What’s running in production? Making your Docker images identifiable

You’ve just gotten a bug report from production, and you want to reproduce it on your local development machine. How do you make sure you’re running the exact same version of the production code on your local machine?

Using Docker images makes it easier, since you can download and run the same image. But that only works if you know what image is running in production.

In this article we’ll cover some of the ways you can make your Docker image identifiable and retrievable: tags, labels, and more.

Make it retrievable: storing tags on your image

Image names and their tags are not immutable; over time they can point to different images. So for example as I’m writing this article the python:3.7 image includes Python 3.7.4, but in the past it included Python 3.7.3, before that 3.7.2, and so on.

That means if your production environment is running a container based off the Docker image yourapplication:latest, that can be different actual images at different times.
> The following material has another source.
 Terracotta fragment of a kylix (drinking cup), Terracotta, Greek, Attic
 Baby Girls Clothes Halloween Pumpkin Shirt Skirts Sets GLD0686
So the first thing to do is store tags that allow retrieving an image by its contents. Since you can have multiple tags for an image, you can in particular use the git hash, and then never overwrite that particular tag.

Let’s make a new git repository:

$ cd /tmp
$ git init myrepo
Initialized empty Git repository in /tmp/myrepo/.git/
$ cd myrepo

And add a Dockerfile in there:

FROM debian:11

And then commit it to the repository:

$ git add Dockerfile 
$ git commit -m "my first commit"
$ git log
commit 45eefe34303296b0d8ed8e37c066ec9d676e1432 (HEAD -> master)
Author: Itamar Turner-Trauring <itamar@itamarst.org>
Date:   Tue Sep 24 13:11:19 2019 -0400

    my first commit

When we build the resulting image can give it multiple tags, including the git hash and branch:

$ GIT_COMMIT=$(git rev-parse --short HEAD)
$ GIT_BRANCH=$(git rev-parse --abbrev-ref HEAD)
45eefe3 master
$ docker build -t myimage:commit-$GIT_COMMIT -t myimage:branch-$GIT_BRANCH .
$ docker image ls myimage
REPOSITORY          TAG                 IMAGE ID            CREATED             SIZE
myimage             branch-master       f3119f0b1743        About an hour ago   202MB
myimage             commit-45eefe3      f3119f0b1743        About an hour ago   202MB

These tags can be pushed to the registry, so you can retrieve images by git commit or branch. The branch tag won’t be stable, but that’s OK, we’ll still have the commit tag.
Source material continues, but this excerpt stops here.